>>

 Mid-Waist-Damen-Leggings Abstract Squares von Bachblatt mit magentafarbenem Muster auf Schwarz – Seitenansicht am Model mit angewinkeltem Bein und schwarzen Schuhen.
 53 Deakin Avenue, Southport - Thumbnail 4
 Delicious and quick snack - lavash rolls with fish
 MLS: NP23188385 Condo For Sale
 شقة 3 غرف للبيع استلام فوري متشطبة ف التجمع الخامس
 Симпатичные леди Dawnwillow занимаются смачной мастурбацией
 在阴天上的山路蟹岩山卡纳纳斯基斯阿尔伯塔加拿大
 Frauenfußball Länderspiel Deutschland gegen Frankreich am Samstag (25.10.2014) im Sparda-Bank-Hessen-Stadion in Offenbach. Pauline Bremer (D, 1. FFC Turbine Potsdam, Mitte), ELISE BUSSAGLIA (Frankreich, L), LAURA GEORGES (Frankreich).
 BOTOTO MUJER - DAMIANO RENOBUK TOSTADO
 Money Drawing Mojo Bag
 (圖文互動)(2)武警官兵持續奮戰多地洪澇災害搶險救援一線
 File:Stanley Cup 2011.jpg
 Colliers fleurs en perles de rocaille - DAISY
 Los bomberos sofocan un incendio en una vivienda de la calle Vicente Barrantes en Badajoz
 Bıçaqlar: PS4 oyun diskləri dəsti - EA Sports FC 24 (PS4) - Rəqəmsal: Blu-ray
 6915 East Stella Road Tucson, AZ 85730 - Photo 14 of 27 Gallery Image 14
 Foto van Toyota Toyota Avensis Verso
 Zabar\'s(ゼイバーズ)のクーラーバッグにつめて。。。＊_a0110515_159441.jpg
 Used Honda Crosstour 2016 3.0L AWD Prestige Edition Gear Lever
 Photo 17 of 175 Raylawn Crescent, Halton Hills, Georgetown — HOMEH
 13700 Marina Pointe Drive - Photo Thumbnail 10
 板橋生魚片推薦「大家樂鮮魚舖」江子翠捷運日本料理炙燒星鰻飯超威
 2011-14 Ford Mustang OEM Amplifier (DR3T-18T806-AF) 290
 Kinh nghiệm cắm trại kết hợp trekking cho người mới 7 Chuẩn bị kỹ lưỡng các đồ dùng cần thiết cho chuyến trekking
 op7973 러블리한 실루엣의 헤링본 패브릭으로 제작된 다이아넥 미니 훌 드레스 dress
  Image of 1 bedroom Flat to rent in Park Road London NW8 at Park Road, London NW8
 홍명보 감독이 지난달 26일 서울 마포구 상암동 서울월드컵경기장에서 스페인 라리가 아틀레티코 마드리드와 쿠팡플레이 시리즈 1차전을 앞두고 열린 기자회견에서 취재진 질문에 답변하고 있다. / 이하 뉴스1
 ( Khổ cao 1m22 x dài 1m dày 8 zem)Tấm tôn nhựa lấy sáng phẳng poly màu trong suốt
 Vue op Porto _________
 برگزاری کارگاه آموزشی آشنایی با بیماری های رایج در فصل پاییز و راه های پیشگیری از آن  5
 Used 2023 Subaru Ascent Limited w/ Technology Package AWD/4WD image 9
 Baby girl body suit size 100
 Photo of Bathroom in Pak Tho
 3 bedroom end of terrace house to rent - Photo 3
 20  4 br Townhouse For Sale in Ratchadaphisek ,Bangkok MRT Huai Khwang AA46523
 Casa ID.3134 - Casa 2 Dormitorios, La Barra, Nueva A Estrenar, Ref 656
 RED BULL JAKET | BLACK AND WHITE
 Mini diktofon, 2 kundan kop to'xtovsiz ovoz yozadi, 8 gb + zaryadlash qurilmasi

<<

WHAT IS EXPECTED
The full set of records above is to be printed again verbatim.

OUTPUT FOR THIS EXERCISE
 Mid-Waist-Damen-Leggings Abstract Squares von Bachblatt mit magentafarbenem Muster auf Schwarz – Seitenansicht am Model mit angewinkeltem Bein und schwarzen Schuhen.
 53 Deakin Avenue, Southport - Thumbnail 4
 Delicious and quick snack - lavash rolls with fish
 MLS: NP23188385 Condo For Sale
 شقة 3 غرف للبيع استلام فوري متشطبة ف التجمع الخامس
 Симпатичные леди Dawnwillow занимаются смачной мастурбацией
 在阴天上的山路蟹岩山卡纳纳斯基斯阿尔伯塔加拿大
 Frauenfußball Länderspiel Deutschland gegen Frankreich am Samstag (25.10.2014) im Sparda-Bank-Hessen-Stadion in Offenbach. Pauline Bremer (D, 1. FFC Turbine Potsdam, Mitte), ELISE BUSSAGLIA (Frankreich, L), LAURA GEORGES (Frankreich).
 BOTOTO MUJER - DAMIANO RENOBUK TOSTADO
 Money Drawing Mojo Bag
 (圖文互動)(2)武警官兵持續奮戰多地洪澇災害搶險救援一線
 File:Stanley Cup 2011.jpg
 Colliers fleurs en perles de rocaille - DAISY
 Los bomberos sofocan un incendio en una vivienda de la calle Vicente Barrantes en Badajoz
 Bıçaqlar: PS4 oyun diskləri dəsti - EA Sports FC 24 (PS4) - Rəqəmsal: Blu-ray
 6915 East Stella Road Tucson, AZ 85730 - Photo 14 of 27 Gallery Image 14
 Foto van Toyota Toyota Avensis Verso
 Zabar\'s(ゼイバーズ)のクーラーバッグにつめて。。。＊_a0110515_159441.jpg
 Used Honda Crosstour 2016 3.0L AWD Prestige Edition Gear Lever
 Photo 17 of 175 Raylawn Crescent, Halton Hills, Georgetown — HOMEH
 13700 Marina Pointe Drive - Photo Thumbnail 10
 板橋生魚片推薦「大家樂鮮魚舖」江子翠捷運日本料理炙燒星鰻飯超威
 2011-14 Ford Mustang OEM Amplifier (DR3T-18T806-AF) 290
 Kinh nghiệm cắm trại kết hợp trekking cho người mới 7 Chuẩn bị kỹ lưỡng các đồ dùng cần thiết cho chuyến trekking
 op7973 러블리한 실루엣의 헤링본 패브릭으로 제작된 다이아넥 미니 훌 드레스 dress
  Image of 1 bedroom Flat to rent in Park Road London NW8 at Park Road, London NW8
 홍명보 감독이 지난달 26일 서울 마포구 상암동 서울월드컵경기장에서 스페인 라리가 아틀레티코 마드리드와 쿠팡플레이 시리즈 1차전을 앞두고 열린 기자회견에서 취재진 질문에 답변하고 있다. / 이하 뉴스1
 ( Khổ cao 1m22 x dài 1m dày 8 zem)Tấm tôn nhựa lấy sáng phẳng poly màu trong suốt
 Vue op Porto _________
 برگزاری کارگاه آموزشی آشنایی با بیماری های رایج در فصل پاییز و راه های پیشگیری از آن  5
 Used 2023 Subaru Ascent Limited w/ Technology Package AWD/4WD image 9
 Baby girl body suit size 100
 Photo of Bathroom in Pak Tho
 3 bedroom end of terrace house to rent - Photo 3
 20  4 br Townhouse For Sale in Ratchadaphisek ,Bangkok MRT Huai Khwang AA46523
 Casa ID.3134 - Casa 2 Dormitorios, La Barra, Nueva A Estrenar, Ref 656
 RED BULL JAKET | BLACK AND WHITE
 Mini diktofon, 2 kundan kop to'xtovsiz ovoz yozadi, 8 gb + zaryadlash qurilmasi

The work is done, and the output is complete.